Miguel Zenon Quartet gives a lesson in musical stretching and consolidating at the Jazz Kitchen

Miguel Zenon has carved a niche for himself in jazz partly because he both honors his Puerto Rican roots and declines to embed his music in the tradition of Latin jazz.

Luis Perdomo (from left), Miguel Zenon, Hans Glawischnig, Henry Cole.
This would be a laudable project on its own terms, but what makes it significant is that, over the past decade or so, he has turned it into something that can be considered almost a sub-genre. It's Zenon music, expressed around a core of musicians who have been with him for about 15 years: drummer Henry Cole, pianist Luis Perdomo, and bassist Hans Glawischnig.

The alto saxophonist was on hand with this ensemble at the Jazz Kitchen for the first time Wednesday night. In the set and a half I heard, the group offered a wholehearted demonstration of the leader's focus on themes, often modal, that hang together through simple patterns that invite spur-of-the-moment complication in both solo and ensemble episodes. Repeated fragments tend to take on stature through variation of both texture and intensity. There's often a whirlwind coda to wrap things up in astonishment.

The music was drawn from Zenon's most recent CD, "Tipico" (Miel Music). Formally, it offers an individualized departure from the head-solos-head structure of so much small-group jazz from bebop on. Not only that, the way soloing emerges from the texture differs both from mainstream jazz and from various fusion styles, where a band's characteristic sound defines what the repertoire is all about. At the same time, this ensemble is immediately identifiable, because each player stands out from the norm on his instrument — even at the highest level. Zenon music is a self-contained rebuttal to the charge that jazz today has settled into grooves that have become ruts.

The internal rapport is a constant feature. It could be appreciated in how perfectly matched Cole's drumming was with Perdomo's piano solos. The pianist, who has one of the most fluid and inventive single-line styles among jazz pianists at the top of their game, has attractively layered chordal playing, arpeggiation, and trilling upon it, on the evidence of Wednesday night.

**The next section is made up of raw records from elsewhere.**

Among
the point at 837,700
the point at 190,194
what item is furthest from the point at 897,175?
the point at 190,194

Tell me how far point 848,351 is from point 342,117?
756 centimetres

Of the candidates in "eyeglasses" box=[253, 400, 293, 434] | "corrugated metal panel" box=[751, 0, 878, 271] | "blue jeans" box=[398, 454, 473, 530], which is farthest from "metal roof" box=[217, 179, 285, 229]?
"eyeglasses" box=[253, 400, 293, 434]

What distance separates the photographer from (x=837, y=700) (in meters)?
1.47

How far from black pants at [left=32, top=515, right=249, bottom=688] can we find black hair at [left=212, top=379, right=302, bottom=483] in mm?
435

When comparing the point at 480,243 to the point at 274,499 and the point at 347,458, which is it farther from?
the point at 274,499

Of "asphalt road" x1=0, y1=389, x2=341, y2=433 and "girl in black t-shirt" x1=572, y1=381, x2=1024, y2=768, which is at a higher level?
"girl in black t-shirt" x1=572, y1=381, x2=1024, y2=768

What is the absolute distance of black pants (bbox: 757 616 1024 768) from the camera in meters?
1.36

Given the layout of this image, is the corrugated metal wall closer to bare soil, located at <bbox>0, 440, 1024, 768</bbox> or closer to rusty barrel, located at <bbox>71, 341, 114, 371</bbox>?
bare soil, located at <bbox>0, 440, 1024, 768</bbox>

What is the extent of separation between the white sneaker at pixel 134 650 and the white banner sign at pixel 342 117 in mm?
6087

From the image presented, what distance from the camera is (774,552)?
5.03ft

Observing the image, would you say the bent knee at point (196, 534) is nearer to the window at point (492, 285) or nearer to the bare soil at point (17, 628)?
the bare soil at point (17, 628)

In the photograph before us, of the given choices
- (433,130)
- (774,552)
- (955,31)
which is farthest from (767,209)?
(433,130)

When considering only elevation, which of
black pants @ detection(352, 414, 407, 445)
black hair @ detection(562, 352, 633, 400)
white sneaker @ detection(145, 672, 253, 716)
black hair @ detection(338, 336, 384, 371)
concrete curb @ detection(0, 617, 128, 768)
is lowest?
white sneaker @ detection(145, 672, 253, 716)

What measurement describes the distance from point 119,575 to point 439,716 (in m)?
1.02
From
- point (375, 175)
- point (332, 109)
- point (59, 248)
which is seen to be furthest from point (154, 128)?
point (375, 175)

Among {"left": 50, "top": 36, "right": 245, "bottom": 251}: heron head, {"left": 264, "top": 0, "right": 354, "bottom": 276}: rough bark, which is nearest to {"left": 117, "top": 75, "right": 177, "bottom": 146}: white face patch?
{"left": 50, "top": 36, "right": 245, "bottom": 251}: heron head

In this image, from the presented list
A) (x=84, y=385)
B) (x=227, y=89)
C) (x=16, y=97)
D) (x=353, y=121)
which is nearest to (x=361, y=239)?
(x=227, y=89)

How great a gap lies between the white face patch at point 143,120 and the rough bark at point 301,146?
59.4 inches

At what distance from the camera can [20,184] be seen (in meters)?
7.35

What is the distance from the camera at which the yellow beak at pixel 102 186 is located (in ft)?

Like his colleagues, Perdomo operates at a level of virtuosity that avoids mere busyness. Cole, to offer another instance, placed his soloing at a steady tempo, tucking his hard-hitting inspiration within it, not just splashing around in a percussion wading pool. He made the solos seem a logical outgrowth of his accompaniment duties.

Glawischnig opened one piece with a lengthy unaccompanied cadenza that made sense retrospectively, after the group opened up the elaborate figures the bassist had already laid down. His solo early in the second set, both fluttering and funky, was a highlight of the gig.

Topping the expert group, of course, is the alto-sax virtuosity of the leader. His tone was always full and balanced; at the top end of the horn, he allowed some rawness to intrude, but never overindulged it. His facility is unmatched among current players on his instrument. Phrases that go out on a limb never lose their balance. The tone is rich but not overladen, and the rhythmic profile is always self-assured.  Zenon sounded both daring and graceful, often at the same time: he's the Roger Federer of alto saxmen.

His debut at the Kitchen was a great milestone, and his fans are sure to be among those attending the appearance of the SFJazz Collective, of which Zenon is a founding member, when the West Coast band comes here April 22.